Before you finish, make sure every line below has been written out exactly.

Data provided
Content starts

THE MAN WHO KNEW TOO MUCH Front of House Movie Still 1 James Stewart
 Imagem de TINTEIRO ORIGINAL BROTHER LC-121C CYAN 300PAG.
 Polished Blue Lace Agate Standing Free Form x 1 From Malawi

Content ends

Solution to this task
THE MAN WHO KNEW TOO MUCH Front of House Movie Still 1 James Stewart
 Imagem de TINTEIRO ORIGINAL BROTHER LC-121C CYAN 300PAG.
 Polished Blue Lace Agate Standing Free Form x 1 From Malawi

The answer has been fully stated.